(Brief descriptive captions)
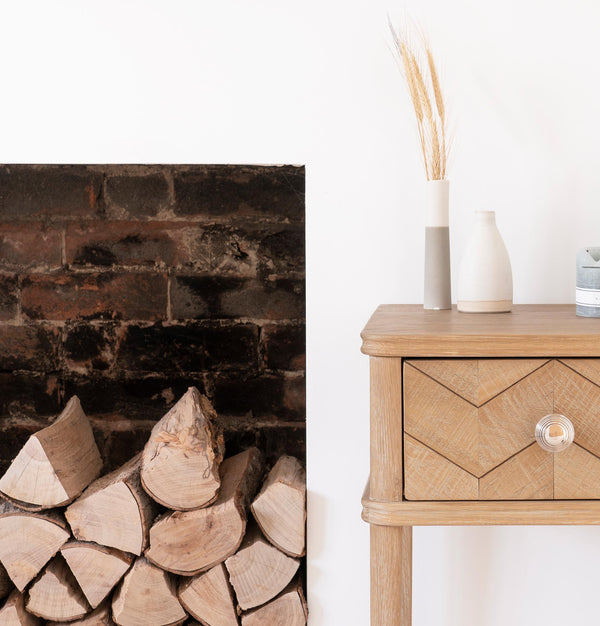 Beehive Cabinet Knob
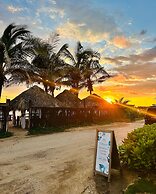 Hotel Boutique Punta Jamaica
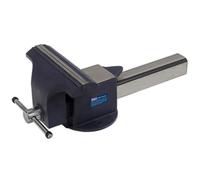 Sealey Vice 300mm All Steel Bench Mounting Heavy Duty for Workshop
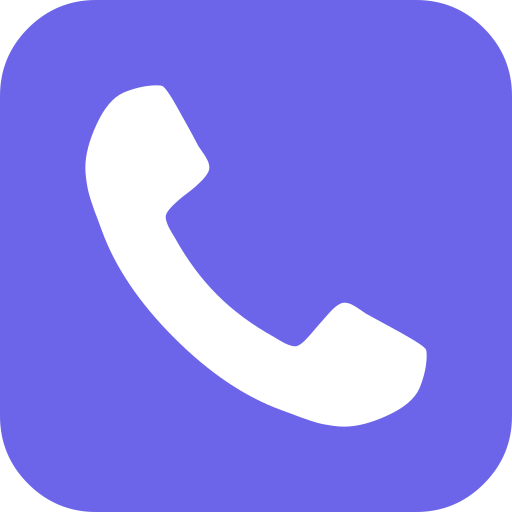 Call Icon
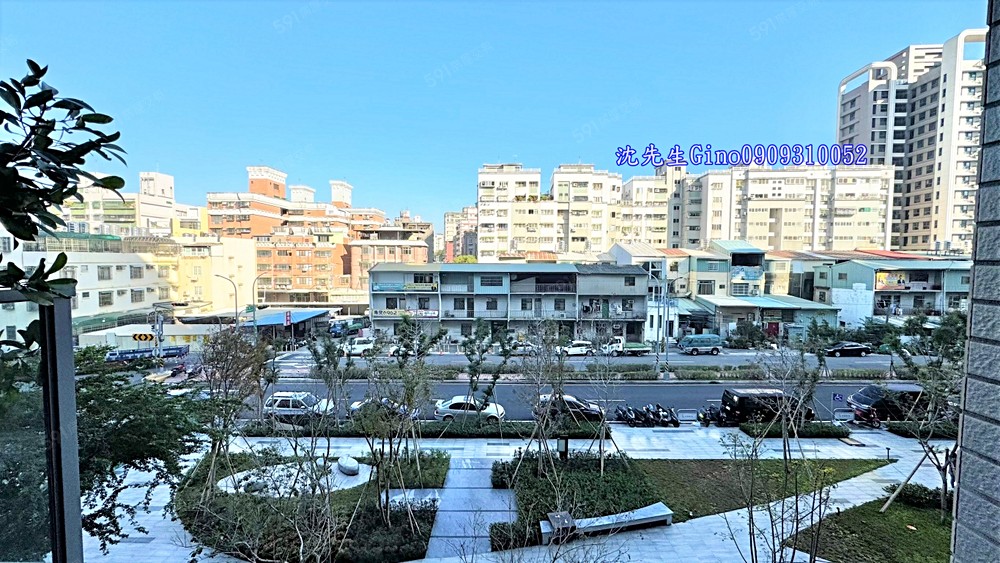 房屋圖片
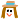 20260730_183405_48c49781b81c9bcaee8da348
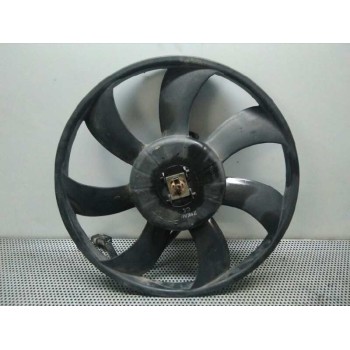 ELECTROVENTILADOR F00S3A2190 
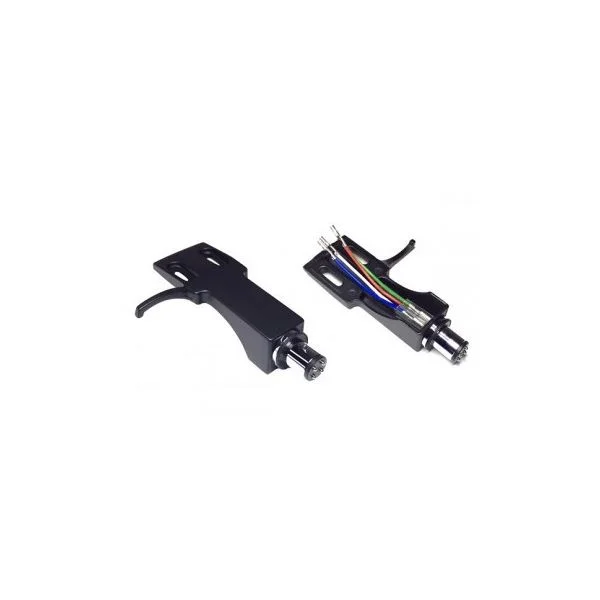 Fonestar Acessório para Gira-Discos - 2341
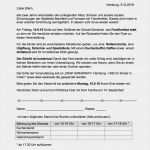 Elternbrief Vorlage Projekt Kita Süß Elternbriefe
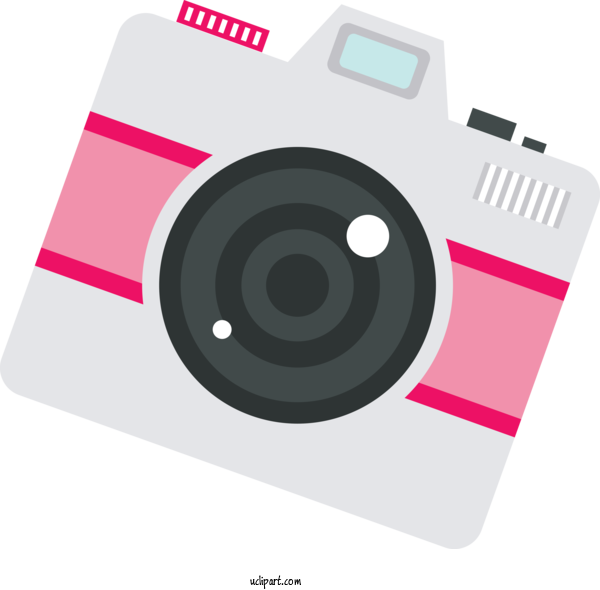 Free Icons Camera Lens Design Circle For Camera Icon Clipart Transparent Background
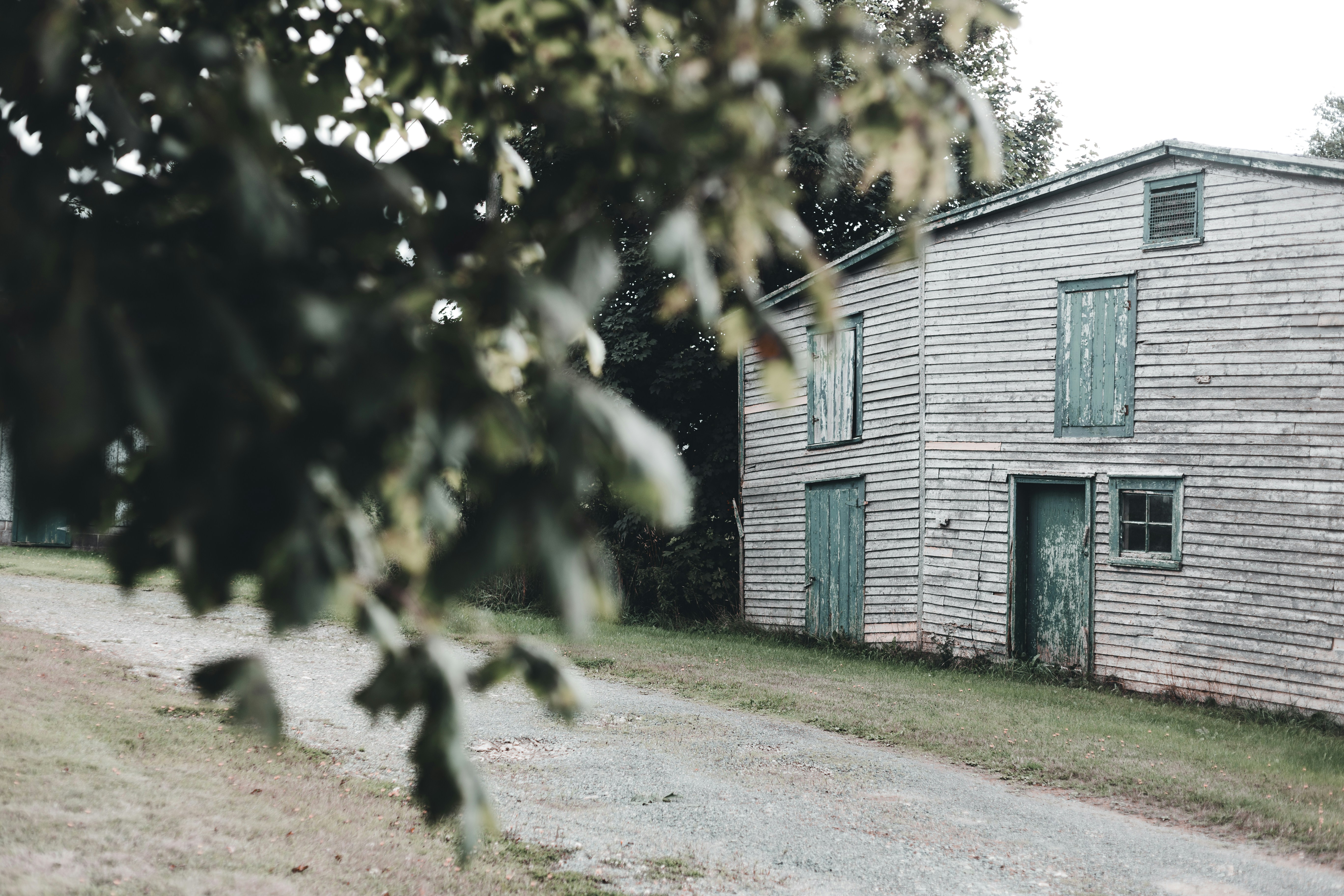 Photo by introspectivedsgn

▸ TASK ITEM
Each line of the data above should be reproduced without alteration, and no picture should appear in the copy.

▸ ANSWER BOX
 Beehive Cabinet Knob
 Hotel Boutique Punta Jamaica
 Sealey Vice 300mm All Steel Bench Mounting Heavy Duty for Workshop
 Call Icon
 房屋圖片
 20260730_183405_48c49781b81c9bcaee8da348
 ELECTROVENTILADOR F00S3A2190 
 Fonestar Acessório para Gira-Discos - 2341
 Elternbrief Vorlage Projekt Kita Süß Elternbriefe
 Free Icons Camera Lens Design Circle For Camera Icon Clipart Transparent Background
 Photo by introspectivedsgn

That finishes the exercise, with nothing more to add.